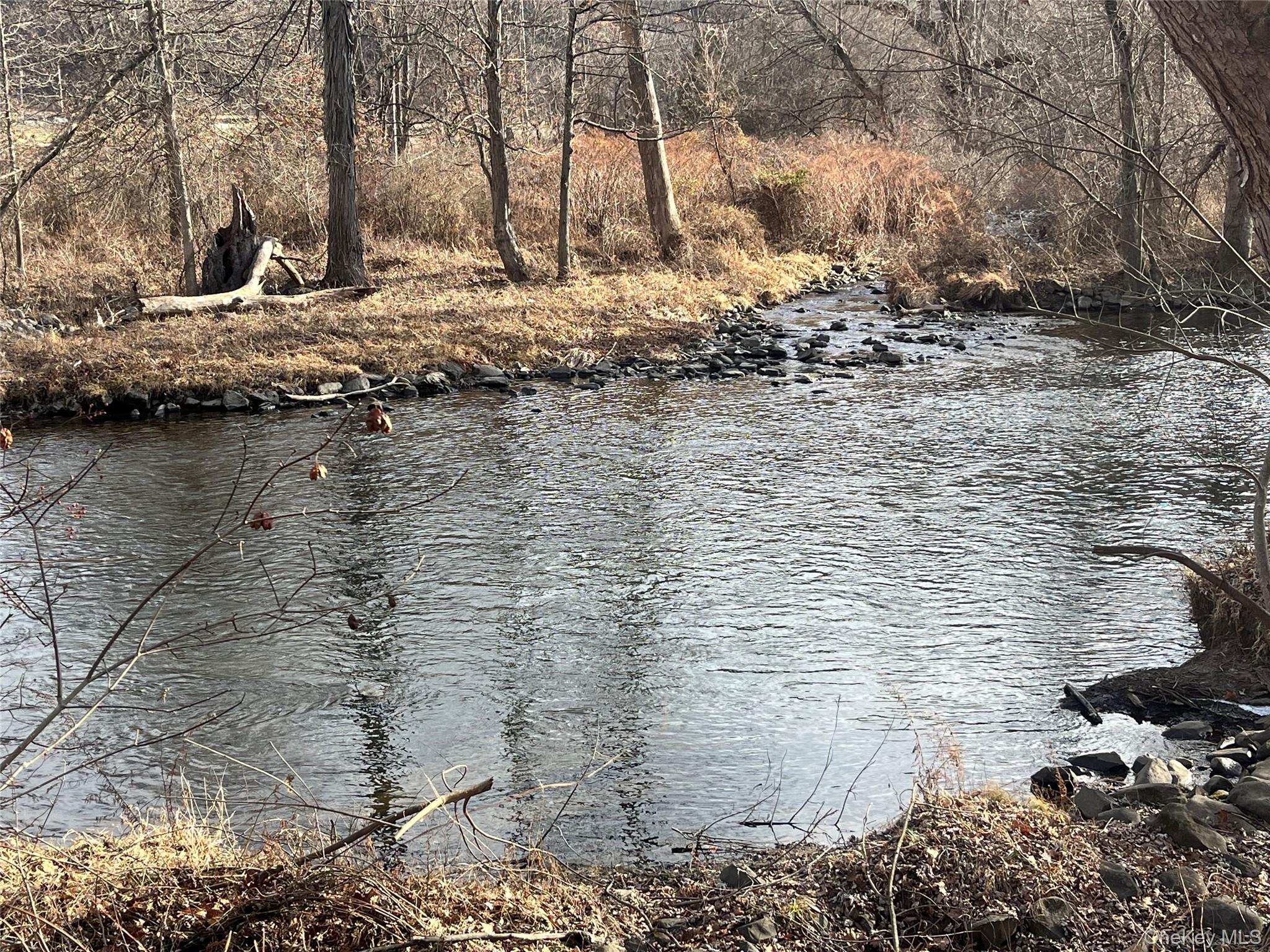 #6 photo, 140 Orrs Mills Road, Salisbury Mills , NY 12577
***
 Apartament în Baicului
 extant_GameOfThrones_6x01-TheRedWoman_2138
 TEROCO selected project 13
***
• [What to work on] Reproduce only the lines above, starting at the line with "extant_GameOfThrones_6x01-TheRedWoman_2138" and ending at the line with "TEROCO selected project 13", exactly as written.

• [Answer to the exercise]
 extant_GameOfThrones_6x01-TheRedWoman_2138
 TEROCO selected project 13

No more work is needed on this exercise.